In February, Greenlight Capital brought a lawsuit against Apple, demanding that it return some of its then-$137 billion in cash holdings to its shareholders. Although the hedge fund dropped the suit in March, its president, David Einhorn, has continued to pressure the tech giant. Apple isn’t the only prominent company that has recently come under fire from activist shareholders; others include Herbalife, Hess, and Transocean.
“If you’re an activist investor, your job is a lot easier now than ever before,” says Michael Robinson, executive vice president at public relations firm Levick. “You have more information and more tools than you ever had. [Public] companies that are in business in 2013 are going to have to deal with these kinds of issues.”
How can a company keep shareholder activism from turning into a full-fledged revolt? For one, it should stay in close communication with its major investors, making sure they understand its strategy and that the company in turn understands their concerns, says Alex Khutorsky, managing director at The Valence Group, an M&A advisory investment bank.
“When a shareholder activist surfaces, the substance of the critique should rarely be a surprise,” Khutorsky says. “A board and management team should understand where they may be vulnerable to an activist. And if the board is doing its job, it should be meeting quarterly or semiannually with bankers to understand their vulnerabilities.”
Certain financial conditions will raise red flags with shareholders, according to Khutorsky. “Every company is different, but shareholder activists tend to come back to the same themes,” he says. In Apple’s case, the size of its cash holdings was at issue; another company’s red flag might be an asset or business unit that could be worth more if it were sold or spun off. In the latter case, a company should be able to tell shareholders why it is preferable to keep the asset or unit.
“If companies are continually evaluating [their] alternatives, anything a shareholder activist can conjure up in their critique will already have been considered by management and the board,” Khutorsky says. “If it’s already been considered, that same rationale should also be an effective defense against shareholder activists.”
To keep on top of trends, companies should regularly monitor all the tools activist shareholders might use, says Robinson, including digital and social media, traditional media, and analyst reports.
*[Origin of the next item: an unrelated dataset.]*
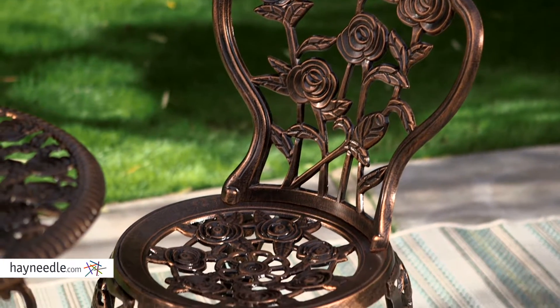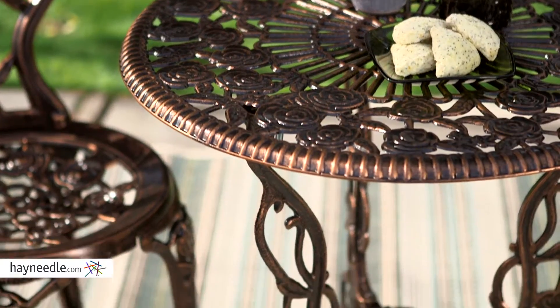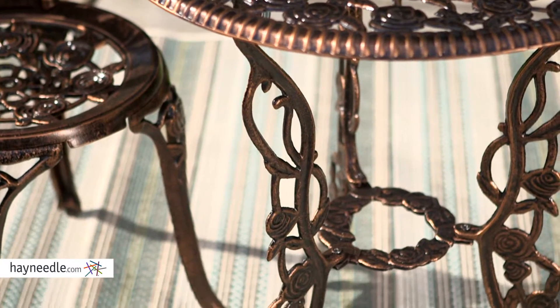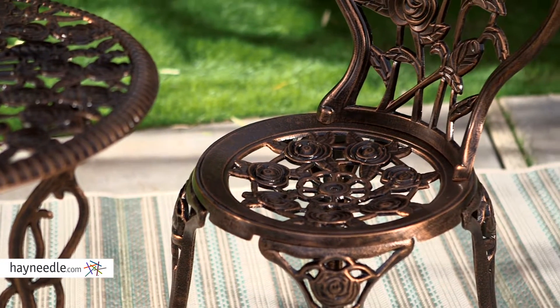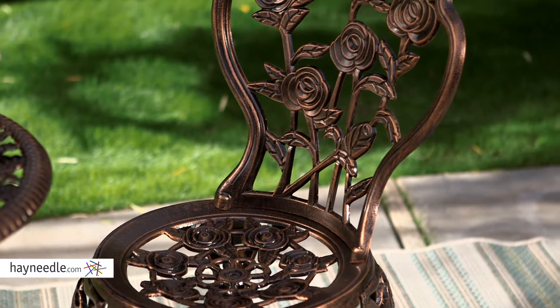Each piece is constructed of a durable and rust-resistant hand-cast aluminum and coated in an antique bronze powder-coated finish that won't chip or fade. The seat backs feature a charming rose and leaf theme that will add a whole lot of style and elegance to any space.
“Watch for people popping up in more than one place with the same message and saying things like, ‘Gee, I really wish I’d received some of that cash,’” Robinson says. “That type of trend analysis would be very helpful as an early warning system.”
Part of that analysis is common sense, Robinson says. “If you’re Apple and your share price is that high and you have that much cash, it’s pretty evident that somebody is going to come after you and say give it back,” he says.
Finance chiefs should play a role in responding to activist shareholders, Robinson says. “They have to be part of the equation, because they know a lot about what the analysts are saying,” he says. “But it takes a cross-functional team to knit this all together. It is something that affects the entire company by definition.”
They should think of the process as risk management. “Part of your enterprise risk management of the company is thinking about things that you hope will never happen,” Robinson says. “It’s like saying, ‘I really hope our backup inventory doesn’t get taken out in an earthquake, but how will we respond if it does’? Or ‘I really hope we don’t have [a blowup with] activist shareholders, but if we do, what are we going to do’?”
Are companies already preparing in this way? “I think it varies,” Khutorsky says. “I think there are some companies that are very good about looking at themselves in a critical way and there are other companies that are in a sense of denial and insulate themselves from a rigorous critique of what they’re doing.”